HOW TO COMPLETE THIS TASK ::
Begin at the line holding "Näin käy NHL:n" and set down exactly each line through the last one below, omitting pictures. Include nothing else.

[Image-text web data]
═══
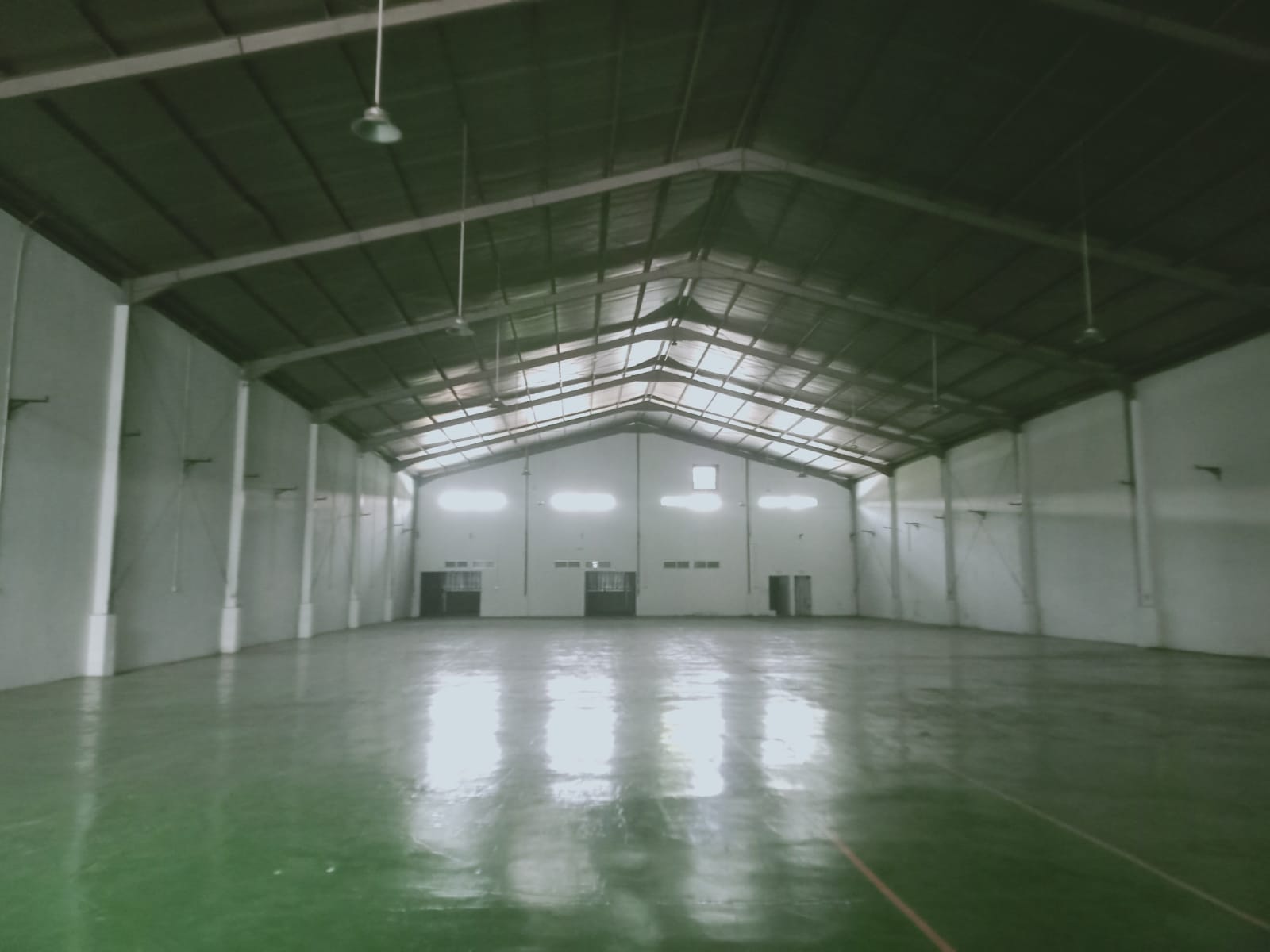Gudang disewakan di Delta Silicon Lippo Cikarang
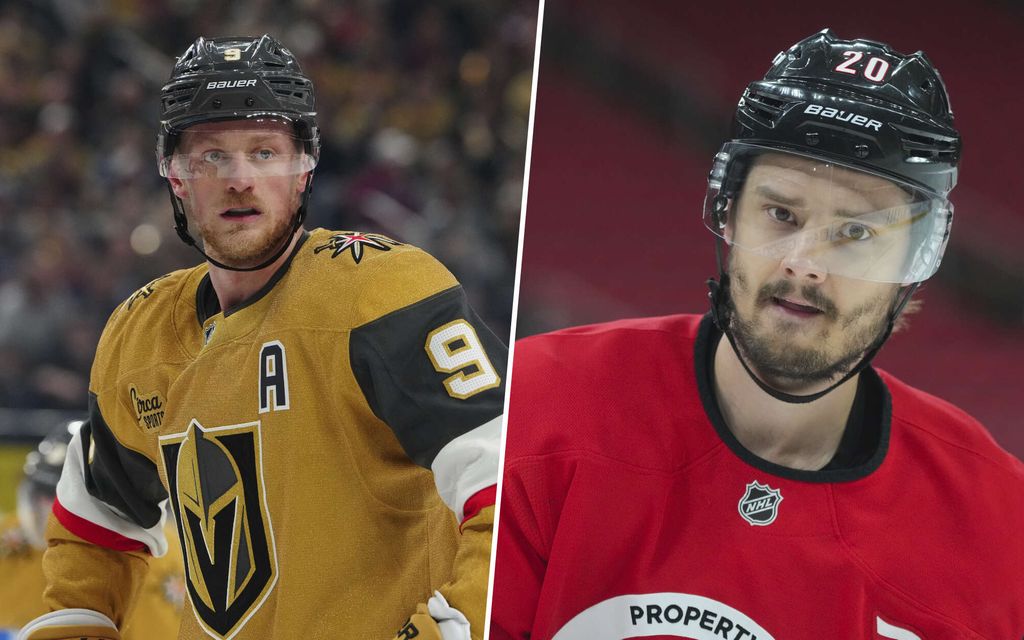 Näin käy NHL:n finaaleissa – Tyly ennuste Sebastian Aholle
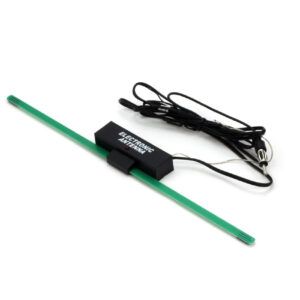 AMiO Κεραία Αυτοκινήτου Εσωτερική ANT05 Ηλεκτρική για Ραδιόφωνο με Ενισχυτή Κωδικός: 01128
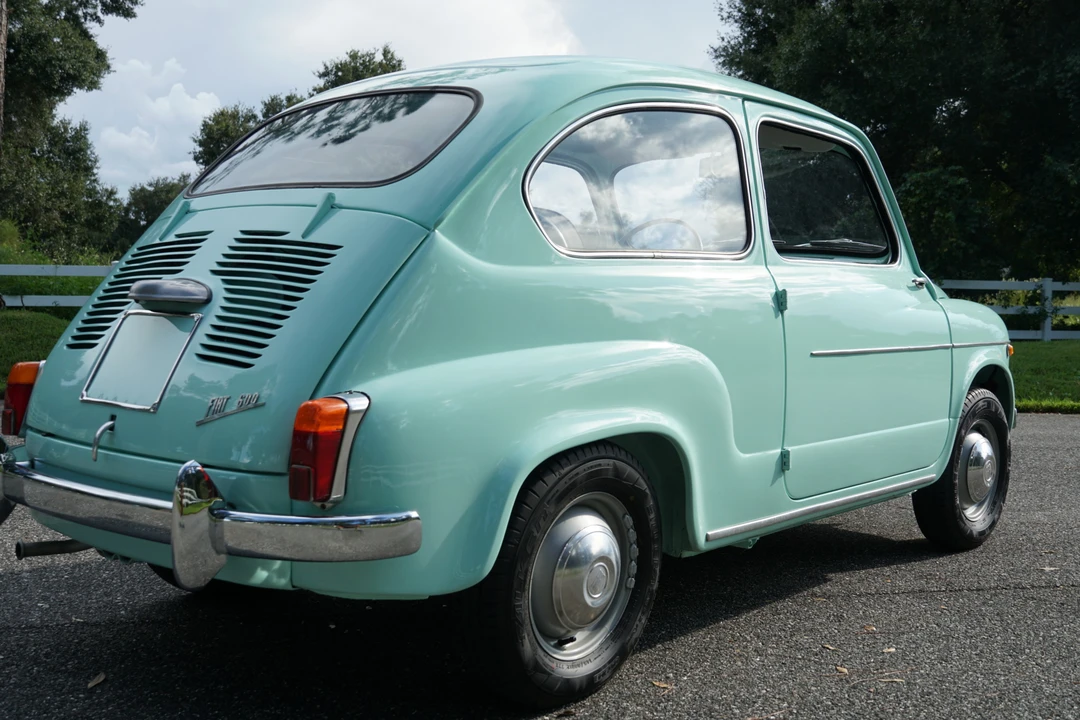 1963 Fiat 600 - Image 17 of 31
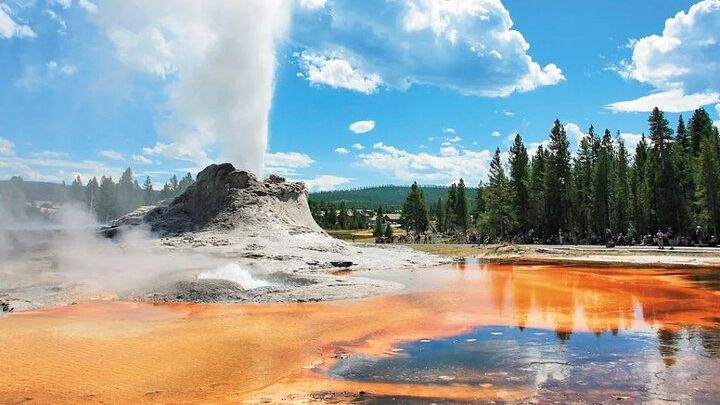 3-Day Yellowstone, Grand Teton and Jackson Hole Guided Tour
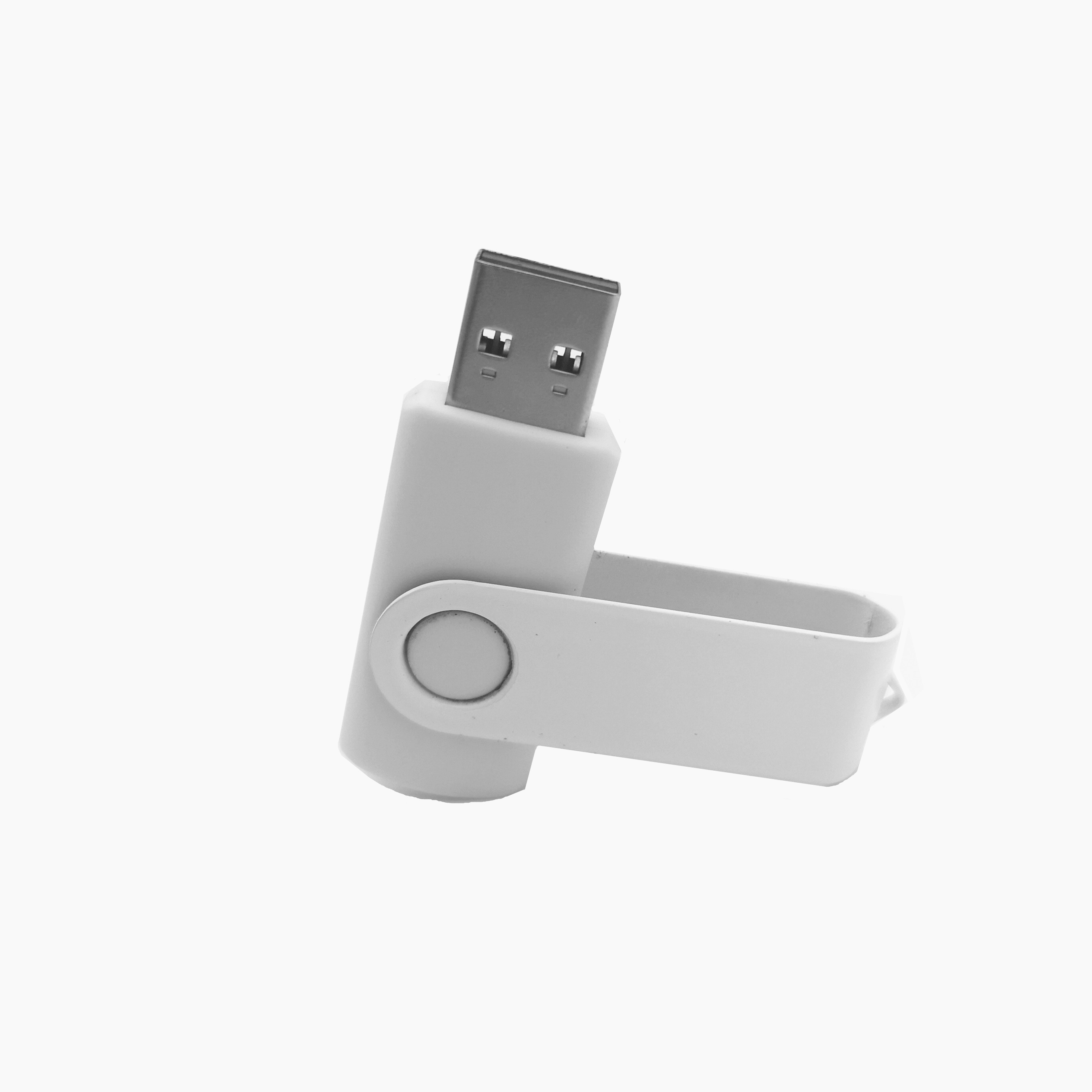 Custom logo Box Pendrive USB Flash Drive 4GB Metal Usb 2.0 Memory Card Cle Usb Stick Gift. 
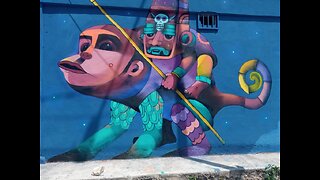 Playa Street Art #13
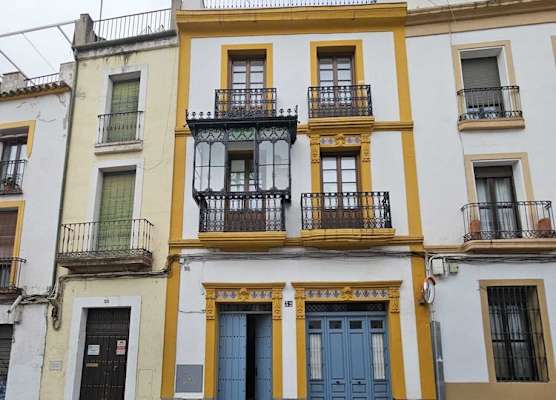 APARTAMENTOS SAN FERNADO 32 1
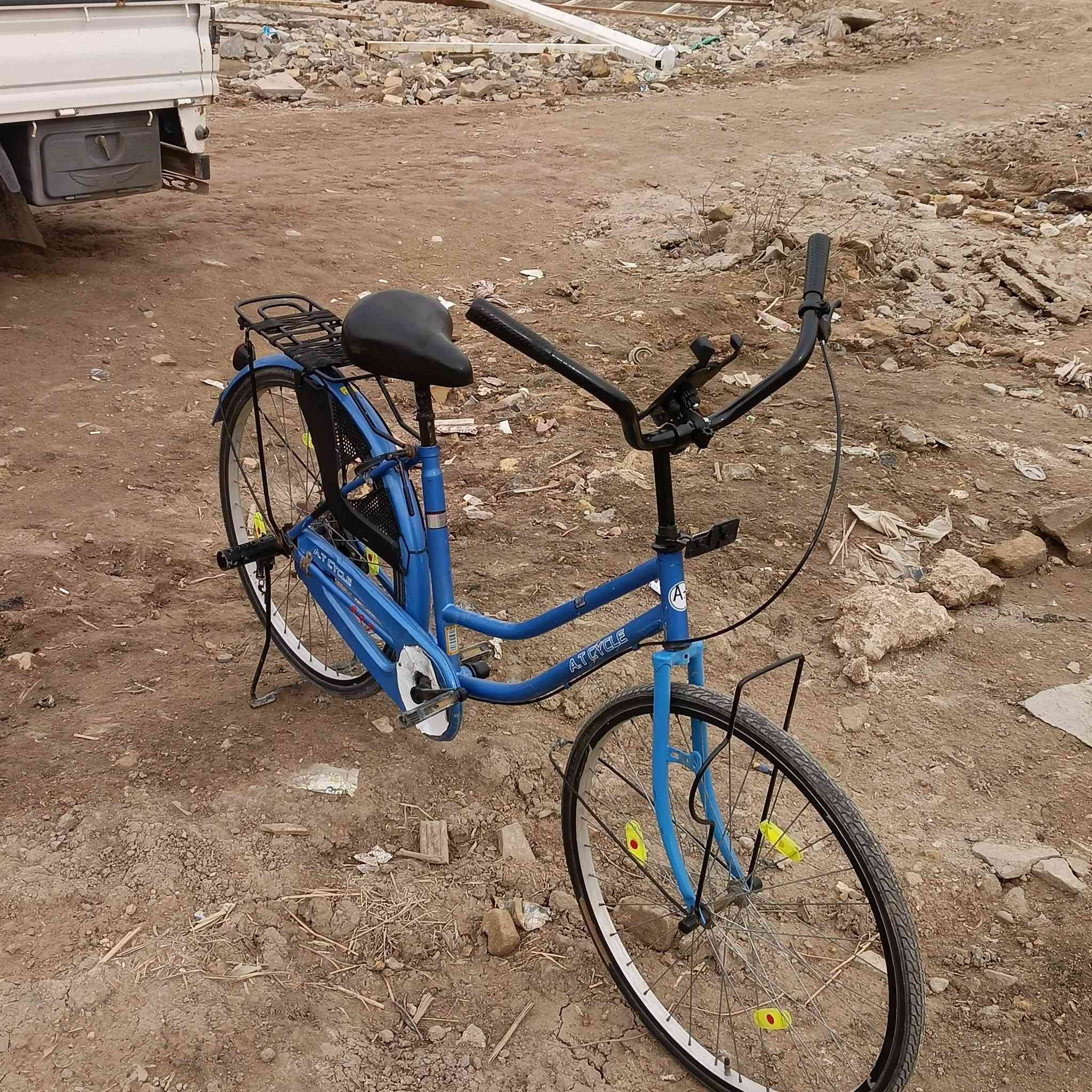 سلام عليكم باسكل اللبيع حجم 26 نضيف ماعيز برغي الباسكل نضيف المكان بابل قضاء القاسم ع حوالي شراي يجي خاص السعر 70وبي مجال قليل بيع مستعجل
═══
PROBLEM SOLUTION ::
 Näin käy NHL:n finaaleissa – Tyly ennuste Sebastian Aholle
 AMiO Κεραία Αυτοκινήτου Εσωτερική ANT05 Ηλεκτρική για Ραδιόφωνο με Ενισχυτή Κωδικός: 01128
 1963 Fiat 600 - Image 17 of 31
 3-Day Yellowstone, Grand Teton and Jackson Hole Guided Tour
 Custom logo Box Pendrive USB Flash Drive 4GB Metal Usb 2.0 Memory Card Cle Usb Stick Gift. 
 Playa Street Art #13
 APARTAMENTOS SAN FERNADO 32 1
 سلام عليكم باسكل اللبيع حجم 26 نضيف ماعيز برغي الباسكل نضيف المكان بابل قضاء القاسم ع حوالي شراي يجي خاص السعر 70وبي مجال قليل بيع مستعجل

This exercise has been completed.